彼女は弁当箱を袋に入れると、顔を隠したまま、静々と教室から退散して行った。

そして向かうのは、いつも保健室。
元々病弱であるのに加え、この保健室という場所は学校の中でも特殊な場所なので、
彼女はこの時間になると、いつもここにやってくるのである。
そこの主は、珍しく若い男性。しかも、美形で優しいという、何とも少女漫画
ちっくな保健の先生である。
そんなんだからか、保健室を利用するのは主に女子生徒なのだが・・・。
それゆえ、もはや常連となった星乃は、来るたびに白い目で見られてしまう。
だが、ここの保健の先生――海風 渡(うみかぜ わたる)氏はそのような差別主義
などに対しては特に厳しく接するため、この保健室に入ってしまえば、もはや星乃の
天下なのであった。
「こんにちわ。今日も独りでご飯だったんだな、星乃。」
「・・・はい。」
「そうか・・・。ほら、そんなところに突っ立ってないで、入ってきなさい。
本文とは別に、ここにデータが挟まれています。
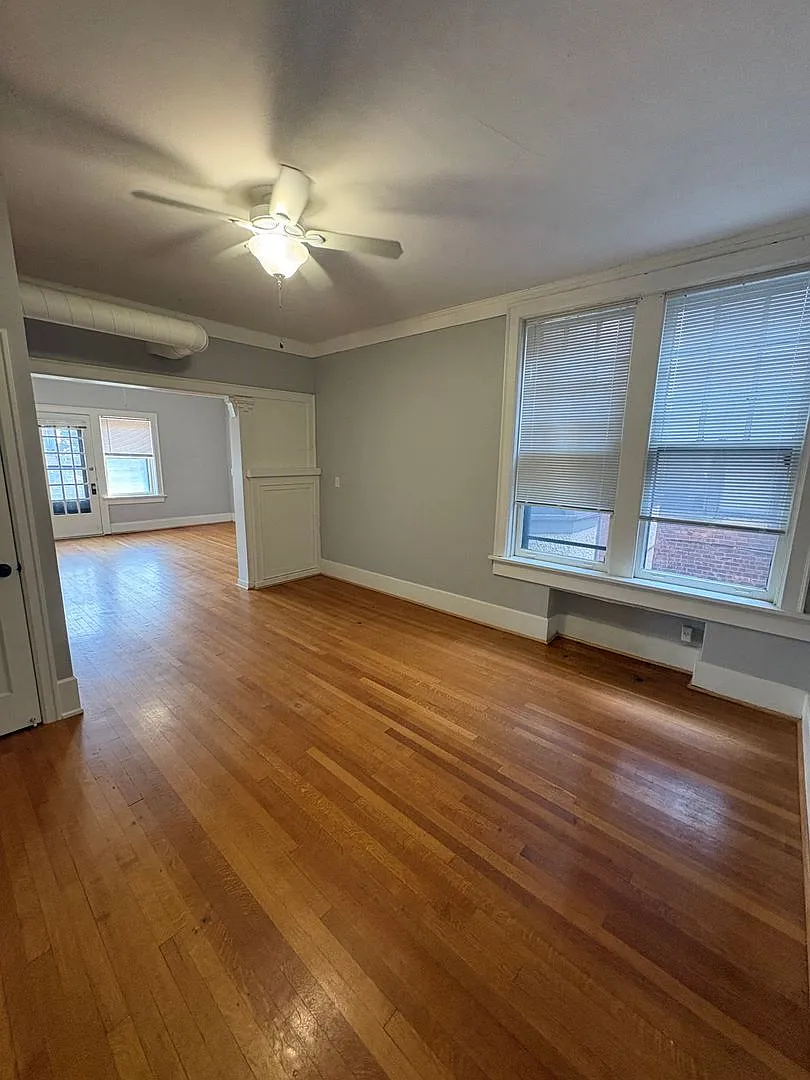 Colbert Apartments (3870 Harney St.) — Photo 2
」
優しい口調で迎え入れる渡先生に、星乃は律義にお辞儀をして保健室へと入った。
優等生には優等生にしかわからない悩みというモノが存在する。
世間的には「良い子」であっても、それぞれに抱える悩みというものは無視され、
成績や日頃の行いだけが重視される風潮が未だに根強く残っている学校という場所。
渡先生は、その事を熟知した上で、星乃を「優等生」としてではなく、ごく当たり前な
「人間」として扱ってくれる。
星乃にとって、ここでは「生徒の模範」を演じなくても良い、砂漠のオアシスのような
場所であった。

「先生・・・。私、どうしたら、友達が作れるんでしょう・・・?」
星乃の質問は、いつもこれから始まる。
普通なら、何度も同じ事を聞いてくる人の事は軽くあしらってしまったり、俗に言う
「ウザい」を連発してしまいがちだが、この人だけは違った。
何度同じ問いをしても、きちんと返してくれるのだ。
「友達はな、無理して作るものじゃないんだよ。
  例えば、遊び友達が10人いたとしよう。
  でも、その中で、自分の悩みを素直に話せる「友達」がいるかどうかはわからない
  だろう?」
「・・・はい。」
そんな星乃に対して、渡先生は、いつもこの言葉を最初に持ってくる。
そして、彼はその後に、こう付け加えるのだ。
「私もな、学生時代は優等生と呼ばれていたよ。
  頭が良い、勉強ができる。
  それだけで、教師連中からはもてはやされたが、同年代の人達は、俺を特別なヤツと
  して、色眼鏡でしか私を見ようとはしなかった。
  思いたいヤツにはそう思わせておけば良いって思えたのは、大学に進学する直前に
  なってから、だよ。」
この言葉の真意は、この二人の間でしか解からない。
だからと言って、星乃も渡先生も、互いを「異性」として意識している様子はなく、
あくまで「人と人」、「教師と生徒」の関係を保っている。
これが、二人の間で自然にできていた、暗黙の了解だった。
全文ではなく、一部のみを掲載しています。